## Requirement
Give back the records below exactly, every one, with no pictures.

## Input material

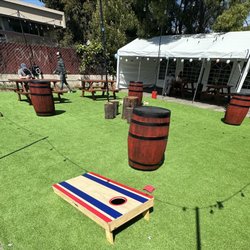 MOMOlicious - Outdoor seating area with activities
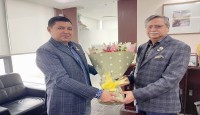নব নির্বাচিত রাষ্ট্রপতি মো: সাহাবুদ্দিন’র সাথে লেখক সাংবাদিক শিব্বীর আহমেদ’র শুভেচ্ছা বিনিময়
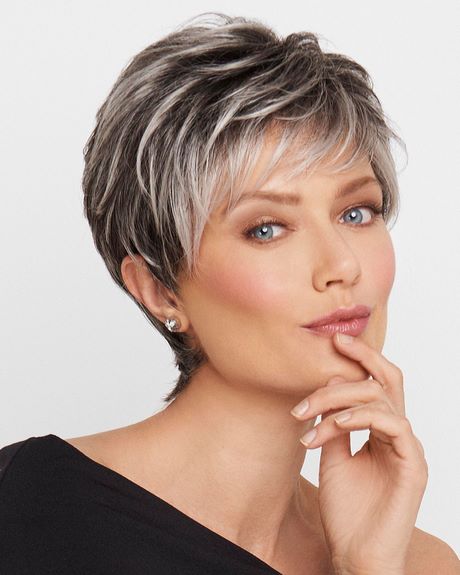 Coiffure cheveux gris femme 60 ans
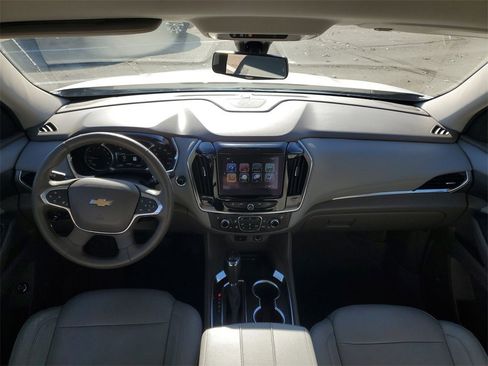 Certified 2018 Chevrolet Traverse Premier image 20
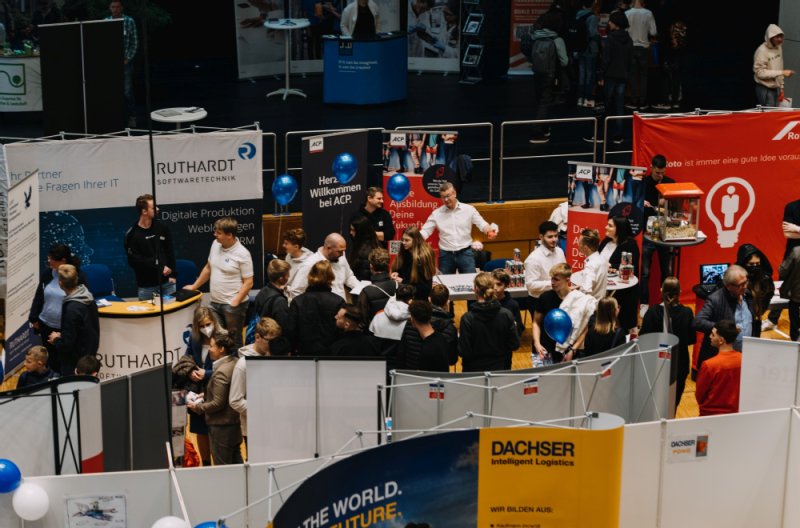 verschiedene Unternehmen präsentieren sich in der FILharmonie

## Answer to the problem
 MOMOlicious - Outdoor seating area with activities
নব নির্বাচিত রাষ্ট্রপতি মো: সাহাবুদ্দিন’র সাথে লেখক সাংবাদিক শিব্বীর আহমেদ’র শুভেচ্ছা বিনিময়
 Coiffure cheveux gris femme 60 ans
 Certified 2018 Chevrolet Traverse Premier image 20
 verschiedene Unternehmen präsentieren sich in der FILharmonie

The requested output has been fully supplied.